- **Captioned web image data**:

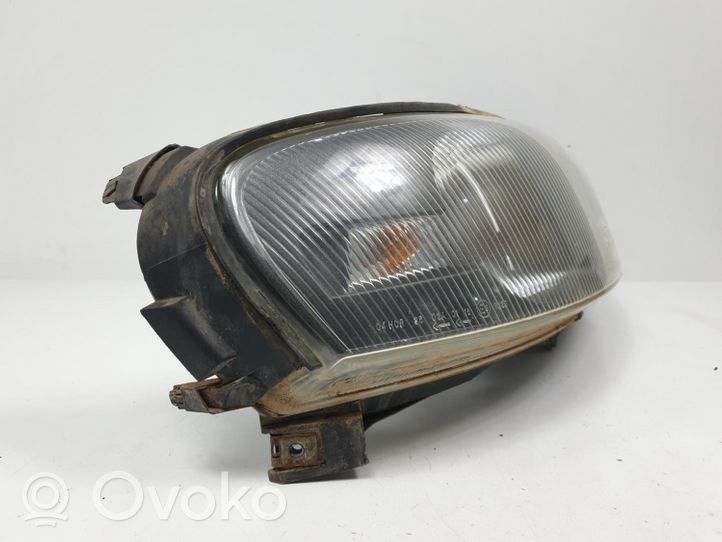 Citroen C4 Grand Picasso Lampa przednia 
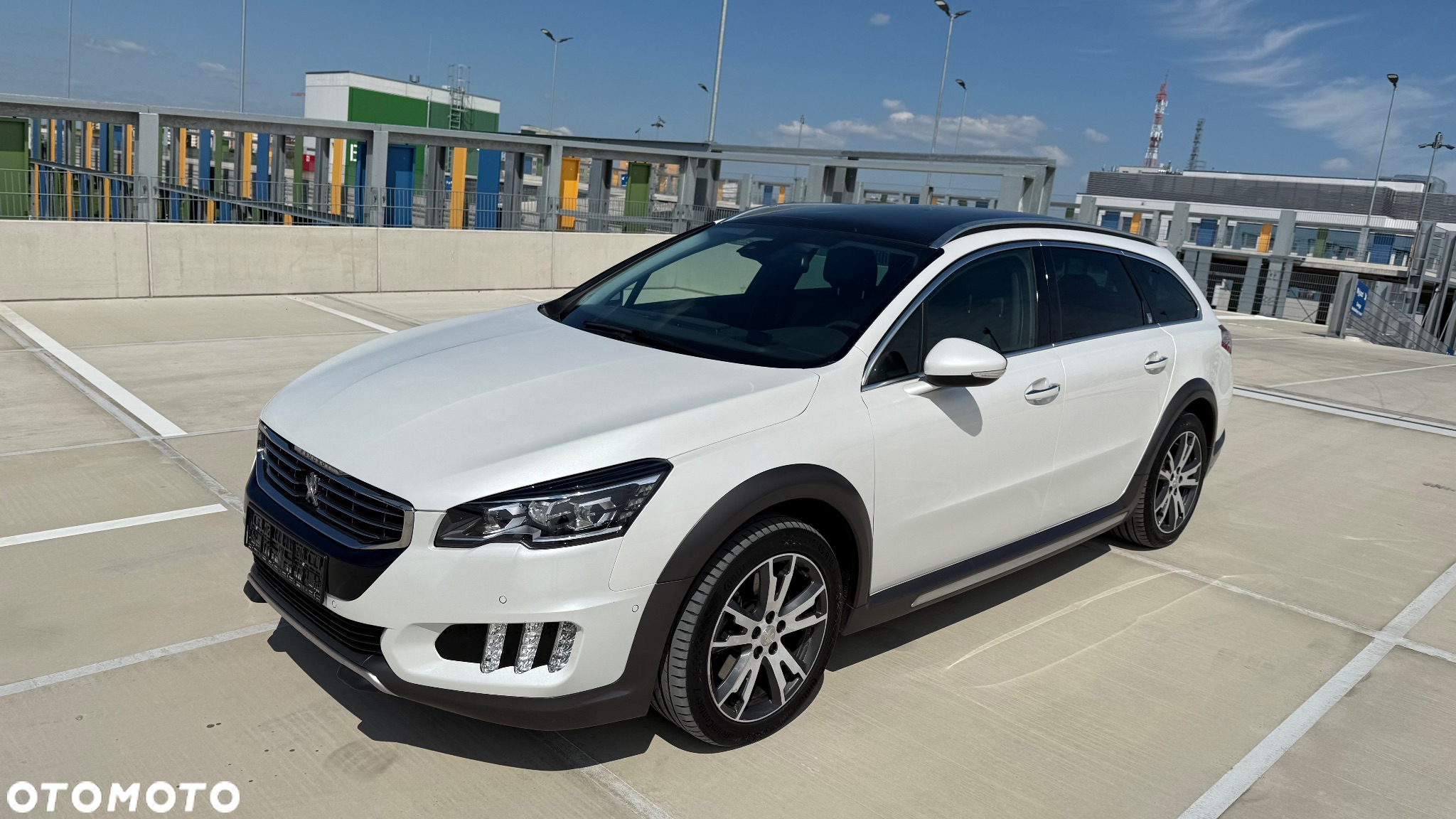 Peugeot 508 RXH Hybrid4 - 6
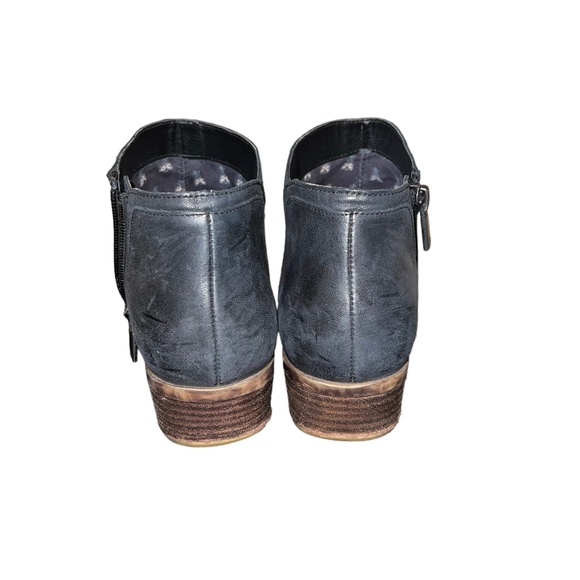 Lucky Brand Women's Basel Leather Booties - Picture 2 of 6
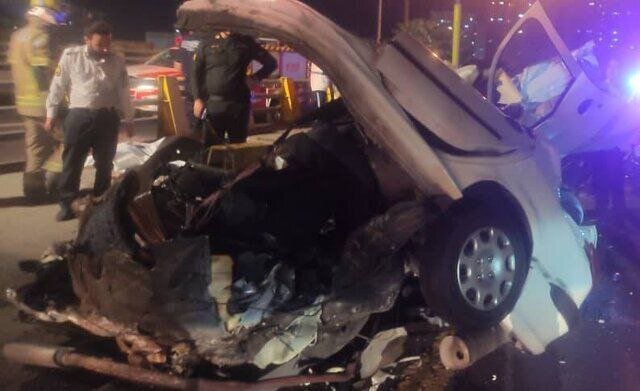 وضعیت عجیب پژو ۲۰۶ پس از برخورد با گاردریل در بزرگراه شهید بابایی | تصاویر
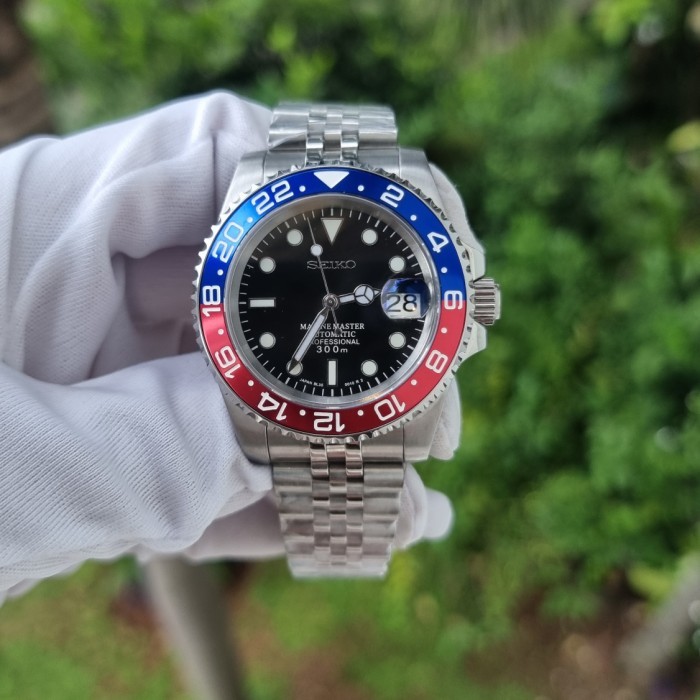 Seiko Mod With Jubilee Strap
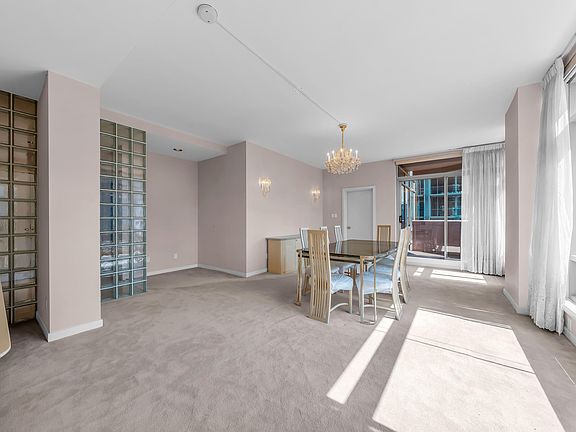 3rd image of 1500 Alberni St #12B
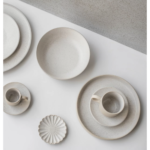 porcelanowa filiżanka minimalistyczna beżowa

- **Task to complete**: From the first line to the last, return the records exactly and leave the pictures behind.

- **Written response**:
 Citroen C4 Grand Picasso Lampa przednia 
 Peugeot 508 RXH Hybrid4 - 6
 Lucky Brand Women's Basel Leather Booties - Picture 2 of 6
 وضعیت عجیب پژو ۲۰۶ پس از برخورد با گاردریل در بزرگراه شهید بابایی | تصاویر
 Seiko Mod With Jubilee Strap
 3rd image of 1500 Alberni St #12B
 porcelanowa filiżanka minimalistyczna beżowa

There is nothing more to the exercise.